Repubblica fa articoli-spot per l’utero in affitto. Merlo ricorda il “presepe” di Nichi, Ed e Thelma
E oggi Repubblica fa il bis. Con un lungo articolo dal titolo: “Io, madre surrogata e la famiglia allargata con Andrea e Lia. L’amore non è reato“. E’ un’intervista all’infermiera californiana Nancy Haker. Quattro figli, 56 anni, diversi mariti, una nidiata di nipoti. E due maternità surrogate. Nel 2006 e nel 2008. «Da tempo volevo fare una gestazione per altri – racconta – Ma all’agenzia “Growing generation” dissi che sarei stata disponibile soltanto per una coppia gay. Scelta da me». Lei sceglie “una delle coppie pioniere delle famiglie arcobaleno in Italia”. Tommaso e Gianfranco. Tra loro tre una sintonia immediata. La madre surrogata non vedeva l’ora. E racconta di avere deciso di voler fare la gestazione per altri perché “ho un cugino gay che avrebbe voluto disperatamente diventare padre, voleva adottare, ma non glielo hanno concesso. Di fronte al suo dolore ho deciso che avrei donato il mio utero a chi ne avesse bisogno“. Ma mica ha donato l’utero al cugino. L’ha donato, dietro pagamento, a Tommaso e Gianfranco.
Donare non è poi proprio il termine appropriato. Per la coppia la madre surrogata partorisce Lia e Andrea. “Ventimila dollari per la gravidanza di Lia, ventimila dollari per la gravidanza di Andrea“. Ma la sua è stata una scelta altruistica, afferma. Né si è dispiaciuta di separarsi dai suoi figli. Per loro si accontenta di essere una specie di zia.

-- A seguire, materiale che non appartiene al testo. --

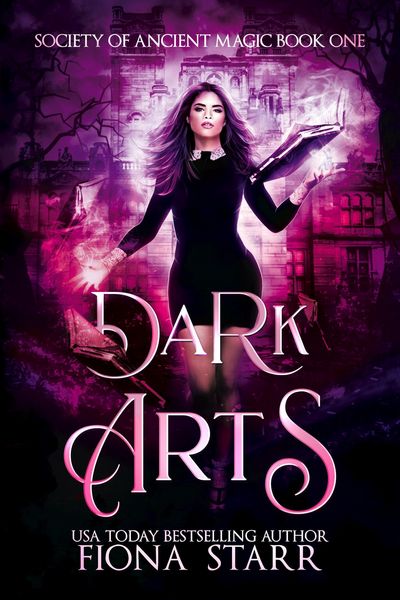 Produktbild: Dark Arts (Society of Ancient Magic, #1)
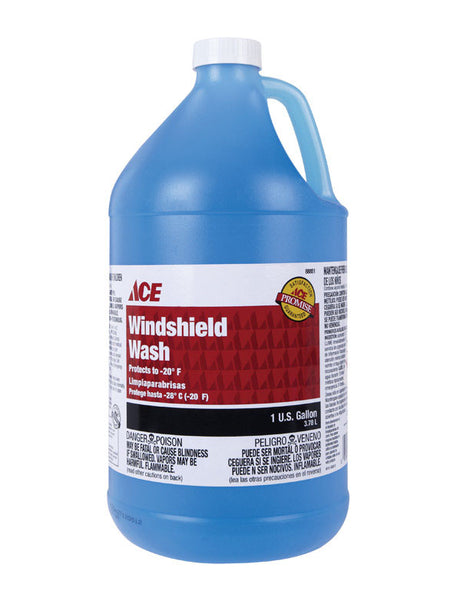 Ace -20 deg Windshield Washer Fluid 1 gal, Pack of 6
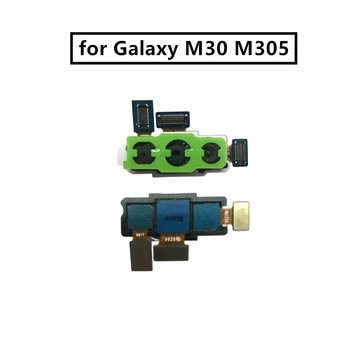 за Samsung Galaxy M30 M305 задната камера е Голям Модул на гърба на основната камера Гъвкав кабел в събирането на Резервни Части за ремонт на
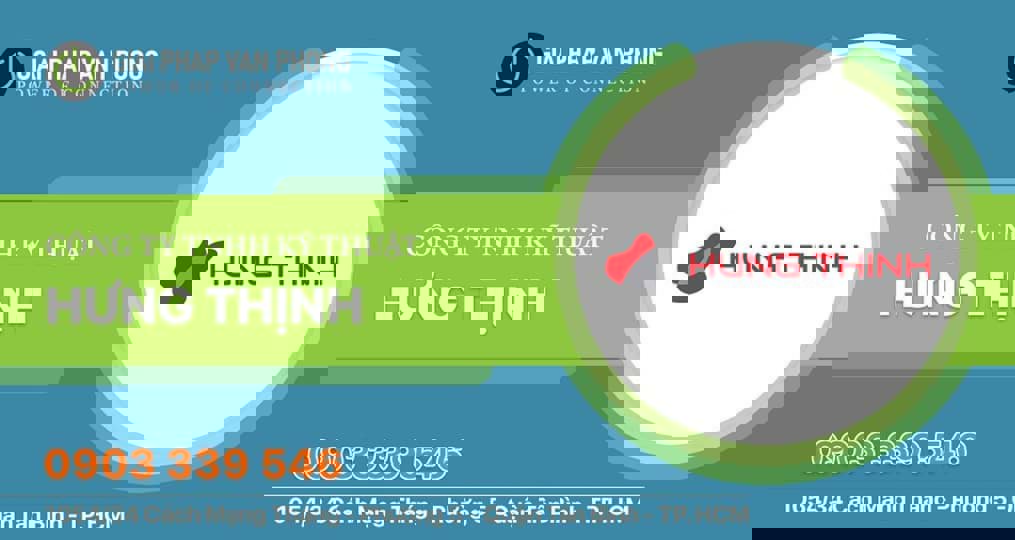 Giới thiệu về công ty TNHH Kỹ Thuật Hưng Thịnh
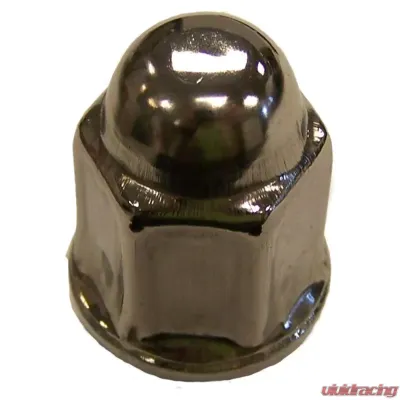 Crown Automotive Jeep Replacement Stainless Capped Lug Nut for Multiple Jeep, Dodge, Chrysler Models; 1/2"-20 - J4006956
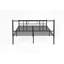 Bors Solid Wood Bed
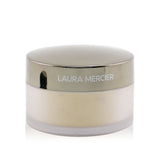 Laura Mercier Set To Glow Translucent Loose Setting Powder & Brush Duo: 1x Loose Setting Powder 29g + 1x Powder Brush(Box Slightly Damaged) 2pcs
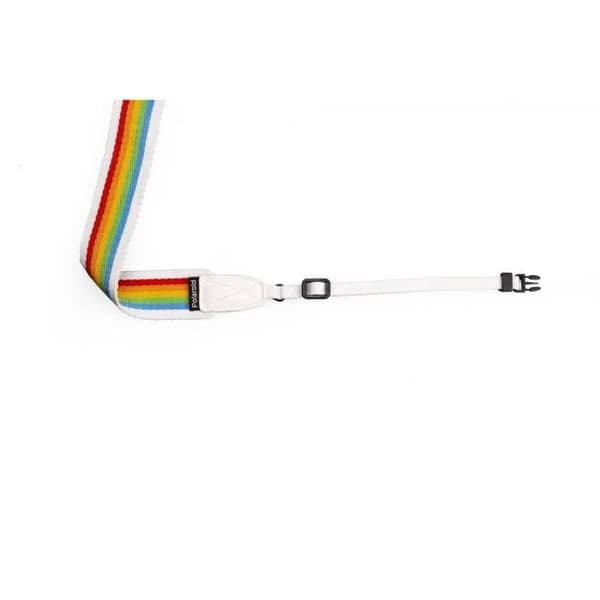 POLAROID Instant Camera Lanyard Flat Clip System Rainbow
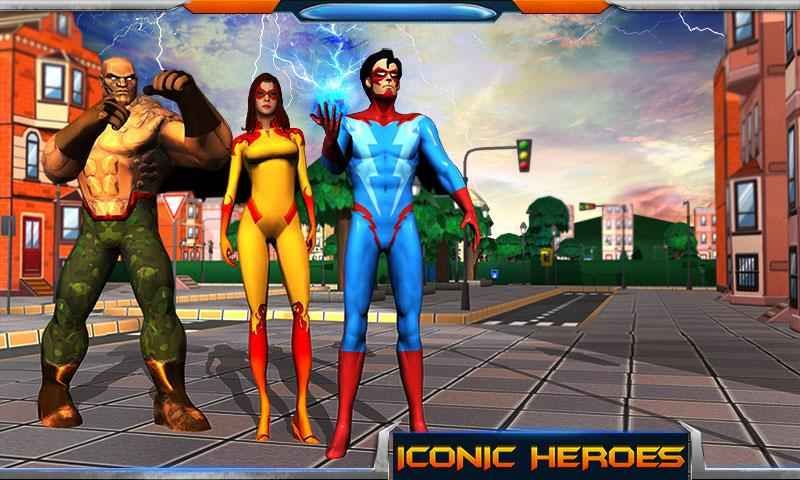 սӢ۰׿棨City Heroes 3D: Aliens War  v1.3ͼ3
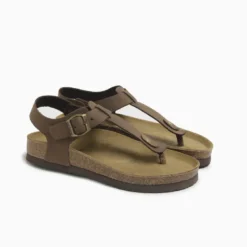 Sandalias Hush Puppies Marrón Kimmy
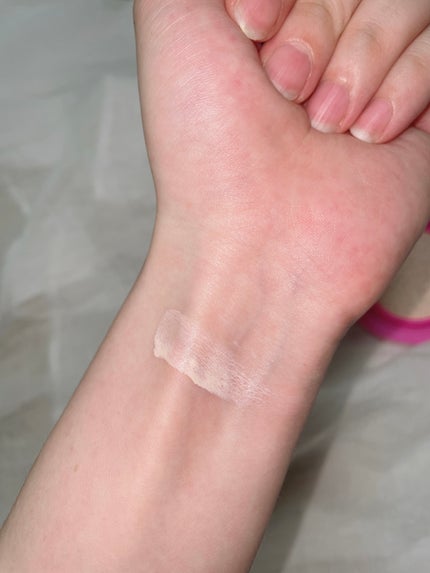 スリムフィットトーンアップサンクッション/Dear.A/日焼け止めローションを使ったクチコミ(6枚目)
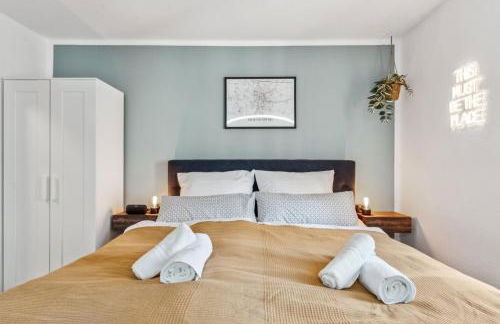 Hellohome I Gemütliches City Studio mit großer Dachterrasse & Parkplatz - Foto 13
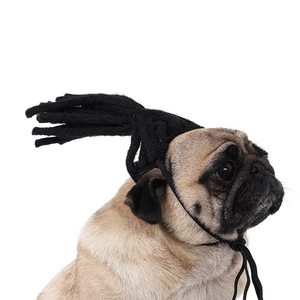 Pelucas de lujo para mascotas suaves, cómodas y de moda para sus mascotas, perfectas para fotos, hacen que sus mascotas se vean adorables - Product Image 3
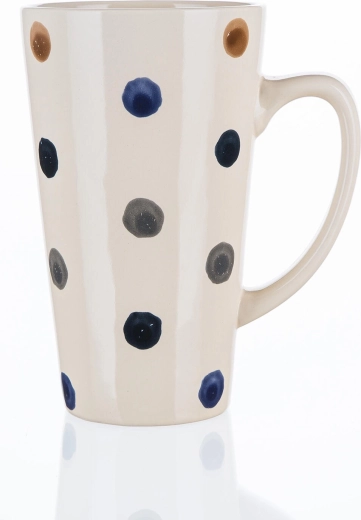 Ceramic Mug DOTS 450 ml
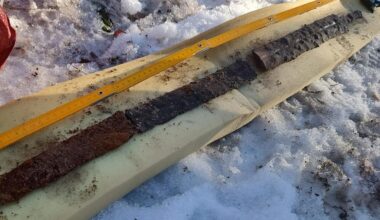 Ancient Roman sword found in southern Poland by detectorists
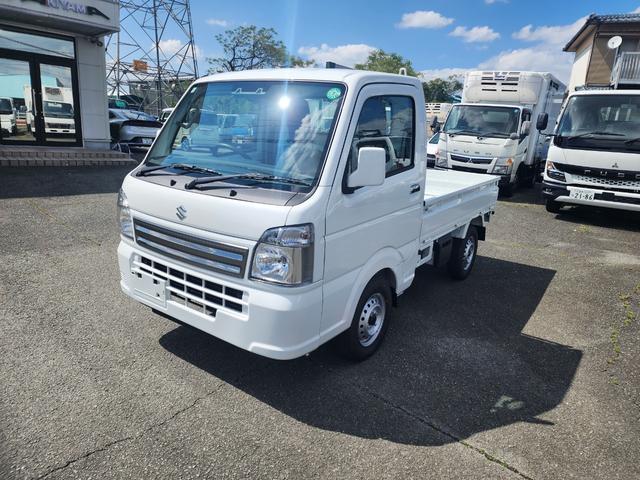 中古車 軽トラック/軽バン ホワイト 白色 4WD ガソリン DA16T 4WD　5MT　衝突被害軽減ブレーキ付　キーレス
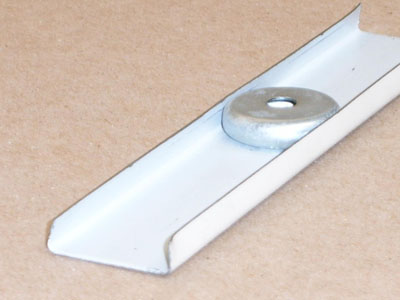 C-118 - 26 Gauge Roll-formed Steel Edge Trim
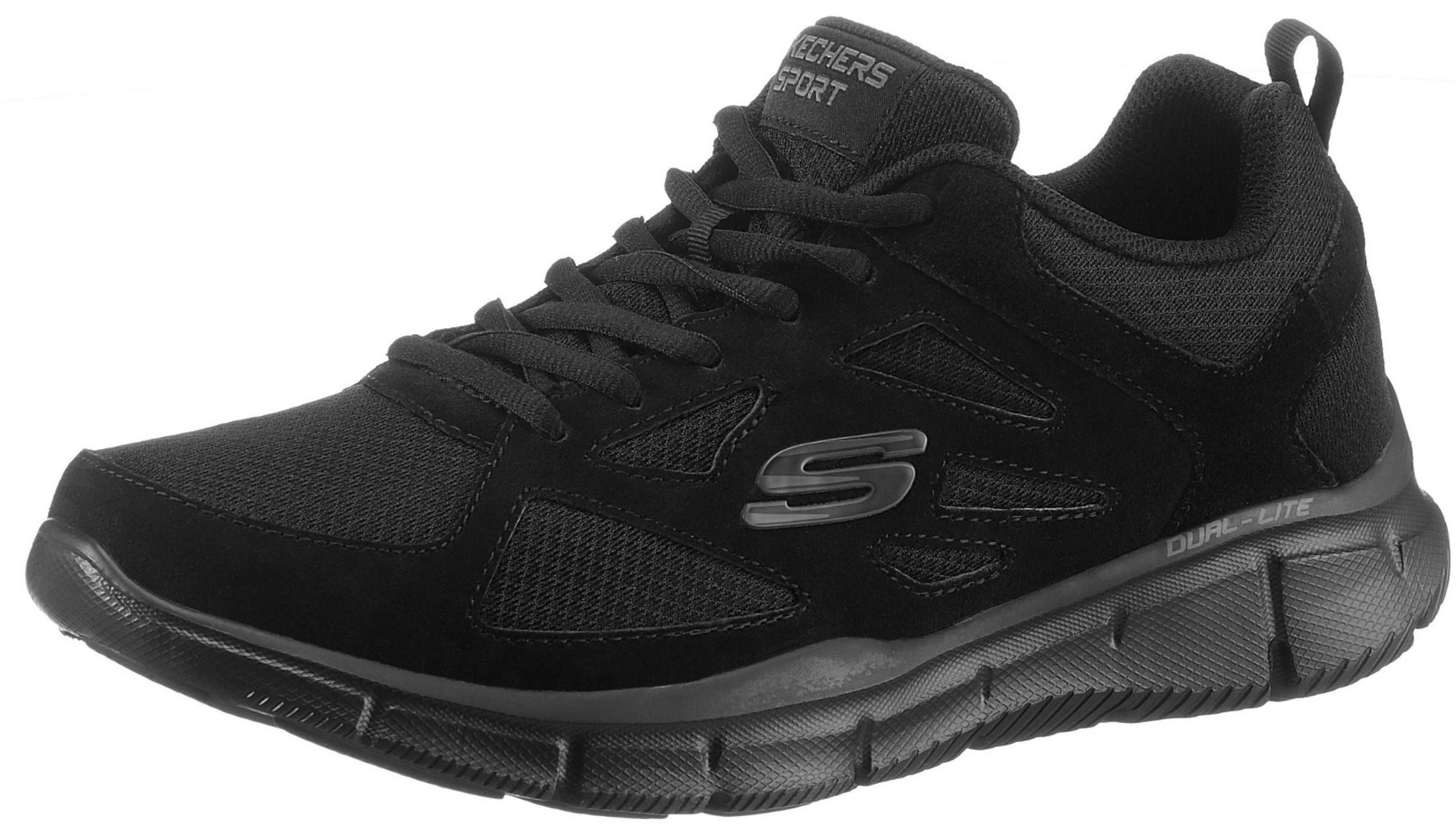 Skechers Equalizer Sneaker mit komfortabel gepolsterter Innensohle für 37,99€ (statt 50€)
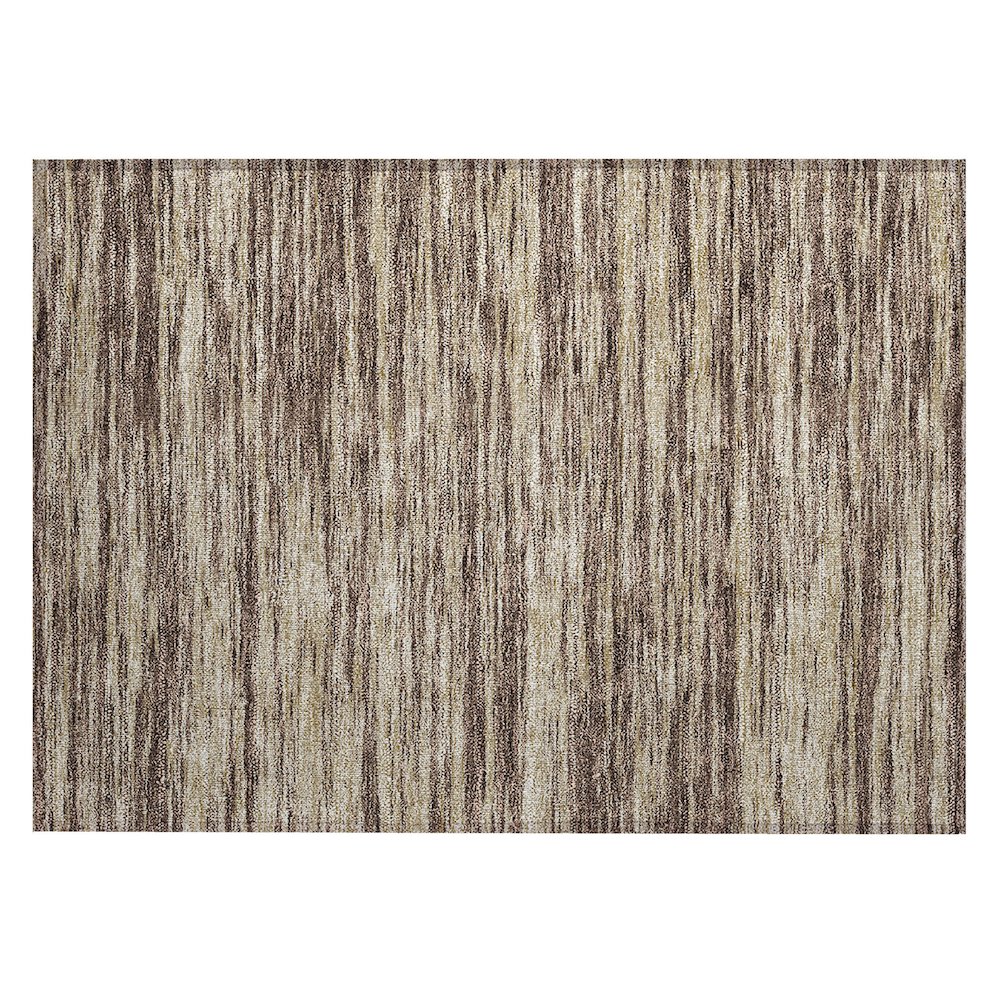 Chantille ACN951 Brown 1'8" x 2'6" Rug. Picture 1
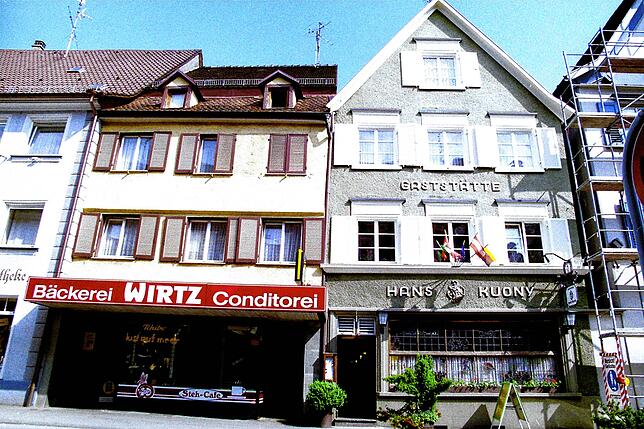 Bild 16: Bilder von Läden in den 90ern in Stockach, die es heute so nicht mehr gibt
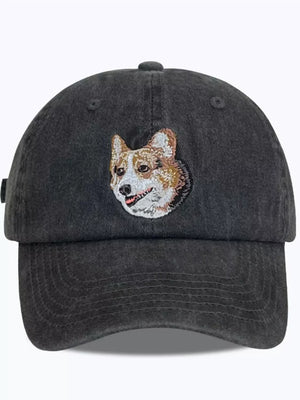 Dog Washed Baseball Cap - Makw Official Site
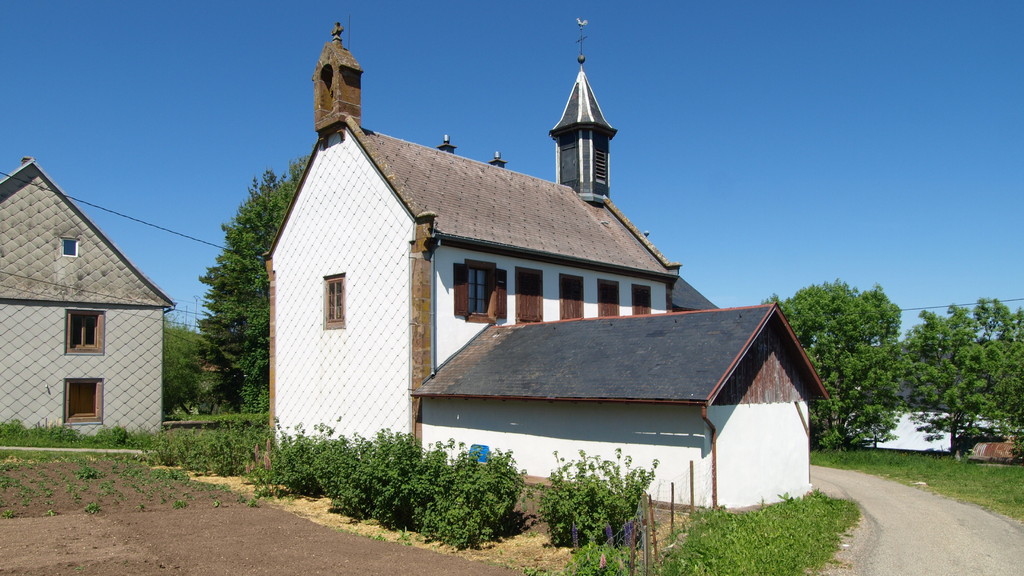 Chapelle Sainte Barbe Hautes Huttes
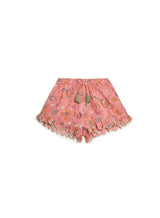 Pink girl's shorts - Bohemian Strawberry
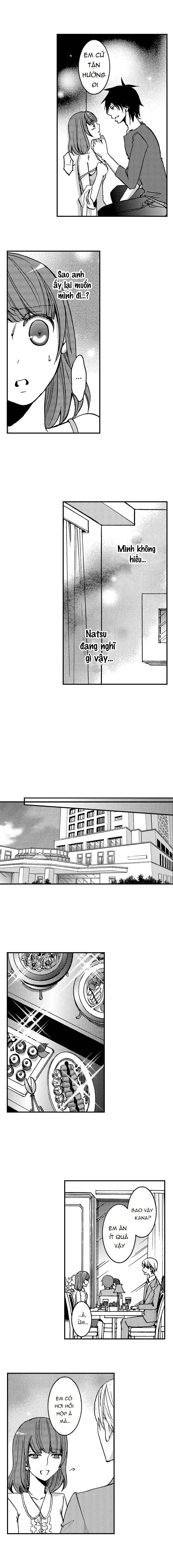 làm nô lệ cho anh trai chapter 14.2 4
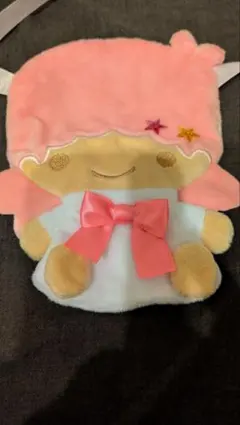 リトルツインスターズ キキララ ぬいぐるみポシェット ガチャ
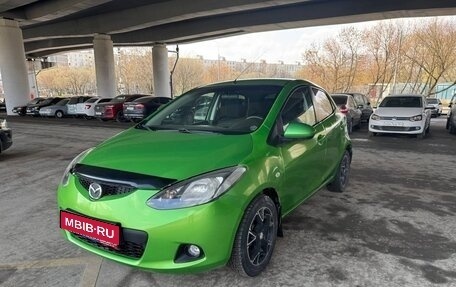 Mazda 2 III, 2008 год, 450 000 рублей, 1 фотография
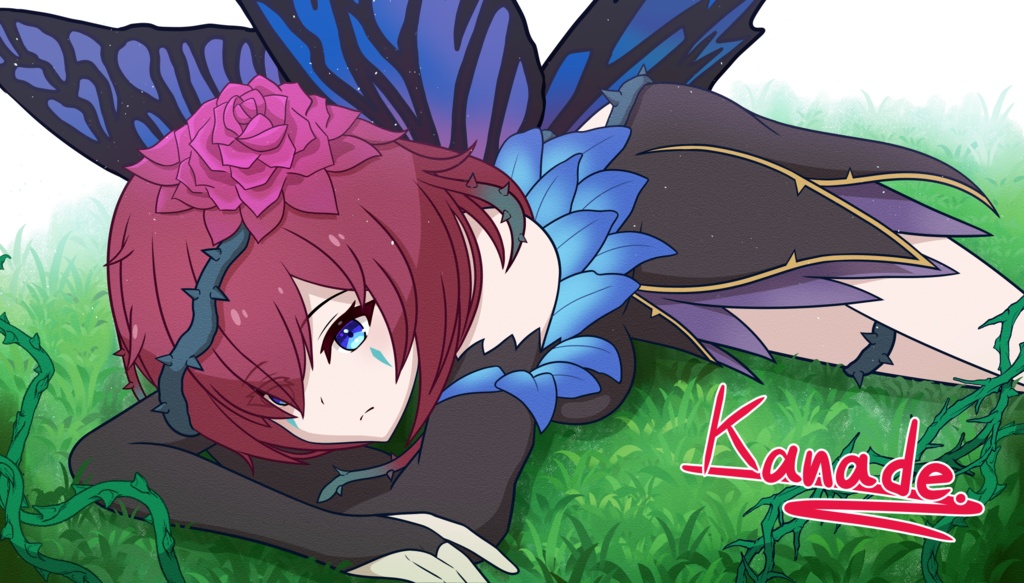 ファイアーエムブレムヒーローズ【動くPC&タブレット壁紙】「スカビオサ」二次創作 アニメーション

«Ero felice della sua nascita– afferma a proposito della prima gravidanza – sono stata felice di tenerla in braccio, ma sapevo fin dal primo momento che Lia e poi Andrea sarebbero stati figli di Tommaso e Gianfranco, non miei. Tutta la gravidanza per altri avviene con questa consapevolezza. Il concepimento in vitro è un fatto medico, non si realizza dopo una notte d’amore. L’ovocita è di un’altra donna. Non c’è legame biologico. Per questo è fondamentale essere già madri. Non ero triste, sapevo che Tommaso e Gianfranco, Lia e Andrea, sarebbero rimasti nella mia vita». Cosa è per loro? Una specie di zia? «In un certo senso. Sono stata diverse volte in Italia, tornerò il prossimo anno, sono stata testimone di nozze di Franco e Tommaso, quando i figli erano piccoli ci sentivamo molto spesso. Loro sanno bene come sono venuti al mondo, sanno che sono la “portatrice”. È tutto trasparente». Portatrice , non madre. E ha provato tanta gioia. Le donne che hanno paura, o sono contrarie, dovrebbero ascoltare la sua esperienza: questa la morale della paginata-spot. Ci pensa Repubblica a riportare le donne, dunque, a un sano altruismo. Mica come quelle madri egoiste che pensano solo a se stesse…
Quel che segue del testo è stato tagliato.